The government cites two cases as authority. Both are clearly distinguishable. Phillips v. United States holds that a trial may continue in a defendant's absence. Phillips v. United States, 334 F.2d 589, 591 (9th Cir.1964) cert. denied 379 U.S. 1002, 85 S. Ct. 723, 13 L. Ed. 2d 703 (1965) (after receiving all of the evidence, court could properly instruct jury and receive its verdict in defendant's absence upon finding that defendant was voluntarily absent from that portion of the trial). Here, the issue is very different. The issue is whether to hold a trial in absentia as a condition of release.

Brewer v. Raines stands for the proposition that an inference of voluntariness of a defendant's absence from a criminal trial created by an Arizona rule of criminal procedure was constitutional. Brewer v. Raines, 670 F.2d 117, 118 (9th Cir.1982). The Arizona rules do not apply here, the Federal Rules of Criminal Procedure are applicable. The government's attempt to analogize that holding to the facts at hand is not persuasive.

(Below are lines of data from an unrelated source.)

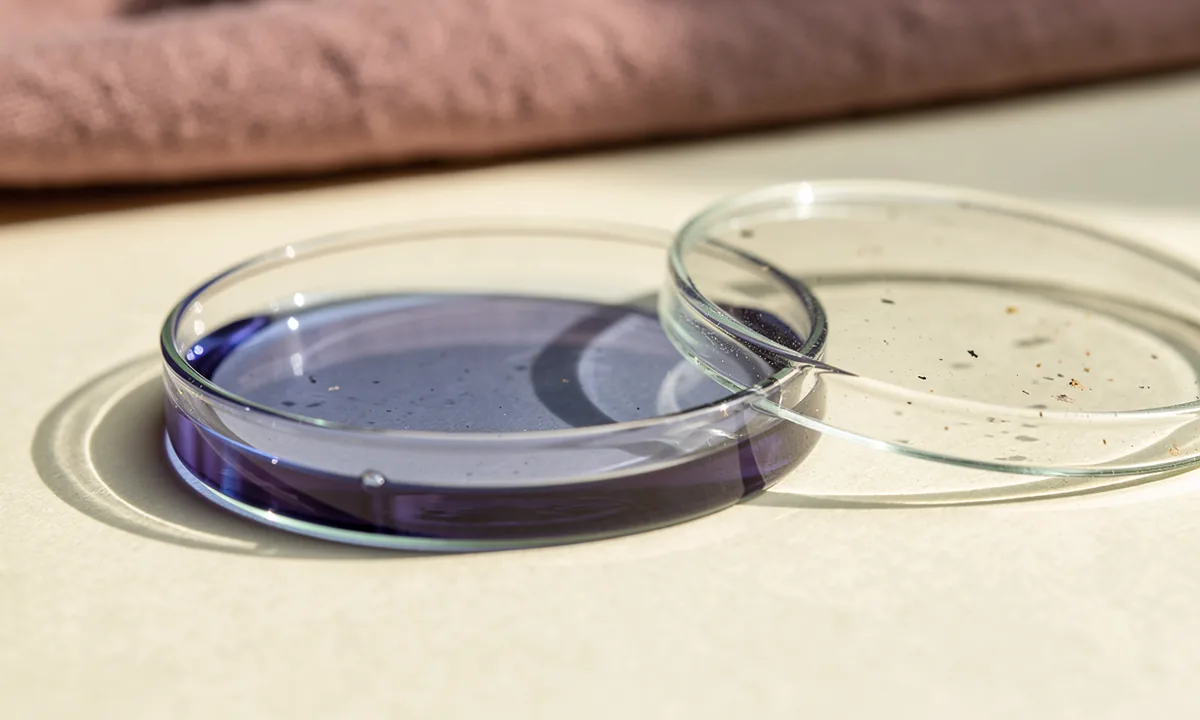 Blue-violet liquid in an open watch glass beside clear glass on cream paper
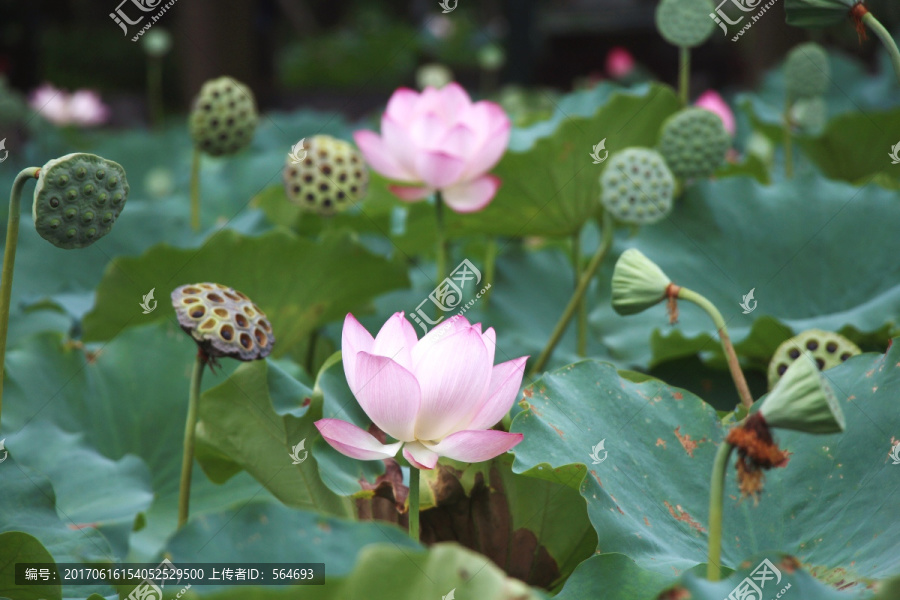 荷花,荷叶,莲蓬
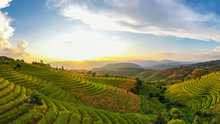 Panorama Aerial View Sunset Scene Of Pa Bong Piang Terraced Rice Fields, Mae Chaem, Chiang Mai Thailand. Mountain Hills Valley At Morning In Asian, Vietnam. Nature Landscape Background.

Fed.R.Crim.P. 43 is the rule regarding presence of the defendant. Specifically the rule states, "[t]he defendant shall be present at ... every stage of the trial ... except as otherwise provided." The rule goes on and states that continued presence is not required if the defendant is voluntarily absent after the trial has commenced. Fed.R.Crim.P. 43(b) (1). The Ninth Circuit has considered whether a defendant must be present when a trial commences and found that a defendant may waive his right just as he may waive his rights at later stages. United States v. Peterson, 524 F.2d 167, 184 (4th Cir.1975) cert denied 423 U.S. 1088, 96 S. Ct. 881, 1136, 47 L. Ed. 2d 99 (1976). However, in so holding, the court recognized that a question of fact existed as to whether or not the defendant was voluntarily absent from the commencement of his trial. Id. Further, the court held *730 that the decision of whether or not to hold the trial rested in the sound discretion of the court. Id. at 185.

Although the above cases do not directly address the issue of whether imposition of this type of condition is ever appropriate, it may be an appropriate condition. For instance, if it was offered as a condition by a defendant, the court might find it appropriate if voluntarily offered. Therefore, the real issue is whether or not the defendant waives presence at a trial voluntarily.

The condition that the government has asked me to impose is not one that relates to the factors a judicial officer considers under 18 U.S.C. § 3142. The government has provided no further evidence of violation of the release orders. While such waiver may be requested as a further condition of release, it would have to be voluntarily accepted. Thus, if I were to impose that condition at this time, without some evidence that the conditions already imposed were insufficient, it would imply an influenced waiver unnecessary to assure compliance with the law governing release. While the waiver might have been imposed by Judge Dale if he felt it was an appropriate condition, I do not feel that there is any change in circumstances that would justify my imposing trial in absentia as an additional condition at this time.


The government's motion for revocation of bail or alternatively for modification of the conditions is DENIED.


[1] Disagreed with and declined to follow by other circuits on the issue of the constitutionality of the Bail Reform Act of 1984. United States v. Portes, 786 F.2d 758 (7th Cir.1985); United States v. Melendez-Carrion, 790 F.2d 984 (2d Cir.1986); United States v. Rodriguez, 803 F.2d 1102 (11th Cir.1986). But see United States v. Salerno, ___ U.S. ___, 107 S. Ct. 2095, 2103, 95 L. Ed. 2d 697 (1987) (Bail Reform Act of 1984 is not facially invalid under the Due Process Clause).

[2] Called into doubt and declined to follow as in fn 1 supra.